The occasion also seemed appropriate for introducing my new book, “Benchmarks for Landscape Construction Professionals,” the first of a five-book series for green industry construction, maintenance, irrigation, chemical applicator and arboriculture professionals. I’ve dedicated this series to the late Charles Vander Kooi.
One reason why I am so excited about this new book project is that virtually all of my new clients have one primary question in common: “How does my company compare to other companies in the green industry?” Hopefully, this book, and the four to follow, will help answer this question.
It was the summer of 1987, mid-June to be exact, and I vividly remember my first consulting “gig” working with Charles Vander Kooi and Associates. The company that I consulted with was a small landscape installation one located in Youngstown, Ohio.
I worked with this company for the better part of a week putting together their annual budget, calculating labor burdens, general and administrative overhead percentages, cost per hour rates for all of their equipment, break-even points, labor rates for their crews, etc.
All of this I did with paper and pencil. It was a painful experience. No sooner would I calculate a labor rate when someone would come up with a different scenario that changed all of the calculations. Fortunately, I had lots of erasers.
I realized no one was talking about benchmarks for the green industry.

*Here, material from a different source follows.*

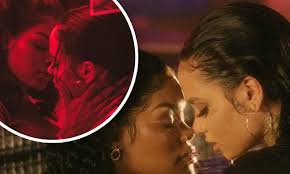 Hurry up to the hot adventure tournament to experience the brightest feelings! Teyana Taylor And Kehlani Get Hot And Heavy In A Pool For Their Ultra Sexy Morning Music Video Daily Mail Online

This consulting experience went very well. However, it was very painful and slow. There simply was no way I would continue to do this kind of work without the aid of a spreadsheet program. Lotus 1-2-3 had been released in 1983 and it changed everything.
So I took some Lotus 1-2-3 classes and, for the remainder of 1987, I applied it to Vander Kooi’s estimating methodology. I’d put together my spreadsheets and Chuck and I would go over and fine tune them.
Meanwhile, Chuck and his computer programmer were busy putting the finishing touches on an estimating software program written in Lotus 1-2-3.
Once these Lotus 1-2-3 worksheets were developed and put into place, they not only saved me a lot of time (I could do in half a day what took me days with paper, pencils and lots of erasers) but they also helped me to identify patterns and trends in all of the data. Gross profit margins, net profit margins, gross and net profits per man-hour, etc., began to surface.
With a couple of keystrokes, I could create a formula that would calculate a new ratio from all of the data. Drawing on my MBA background in finance, I began to mold all of this data into legitimate and useful business information that landscape contractors could use to run their daily operations. Landscape benchmarks for all aspects of green industry operations (construction, fine gardening, tree care, etc.) were born.
While writing my second green industry estimating book in 2002, “How to Price Landscape & Irrigation Projects,” I realized no one was talking about benchmarks for the green industry. So, I decided to include a chapter and appendix in it with hundreds of benchmarks for all aspects of the industry.
Not too many years later, the people at Lawn & Landscape magazine asked me to write a monthly column for them. Shortly after that, the team at Lawn & Landscape asked me to work with Kristen Hampshire on their annual benchmarking issue. I’ve been assisting Kristen with this issue now for almost 10 years.
About one year ago, I realized the green industry lacked a book – or a series of books – specifically addressing green industry benchmarks, standards, and critical numbers.
They needed to take into account not just production rates but also financial, estimating, organizational, marketing and personal standards that covered individual companies, the green industry and individuals. Hence, this series was born.